EU brushes off Polish call to bring back death penalty

The European Commission has rebuffed a call by the Polish president for an EU-wide debate on reinstating the death penalty. “The death penalty is not compatible with European values,” a commission spokesman said in Brussels.

Polish president Lech Kaczynski argued last Friday that “countries that give up this penalty award an unimaginable advantage to the criminal over his victim, the advantage of life over death.”

“I think that over time Europe will change its view in this regard,” he told Polish public radio. The rightist Law and Justice party, led by twin brothers Lech and Jaroslaw Kaczynski, won elections last September, with Lech becoming Polish president and Jaroslaw taking over as prime minister in July.

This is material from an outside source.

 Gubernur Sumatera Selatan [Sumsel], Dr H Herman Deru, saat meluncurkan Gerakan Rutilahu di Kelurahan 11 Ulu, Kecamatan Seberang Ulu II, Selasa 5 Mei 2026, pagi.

In the meantime, the League of Polish Families, a nationalist minority party in Poland’s governing coalition, launched a campaign for a partial restoration of the death penalty.

“We want to collect half-a-million signatures of EU citizens on a petition demanding the death penalty for pedophile murderers,” the vice-president of the party, Wojciech Wierzejski, said according to press reports. The League has been criticized by the European Parliament, which said in a June resolution that it was to blame for a rise in xenophobia in Poland. It said that the League’s leaders “incite people to hatred and violence.”

The abolition of the death penalty is part of the human rights criteria of EU membership. Most western European countries abandoned the death penalty in the 1960’s, while central and eastern European states did so in the 1990’s. Poland abolished capital punishment in 1997, following a nine-year moratorium on executions imposed in 1988.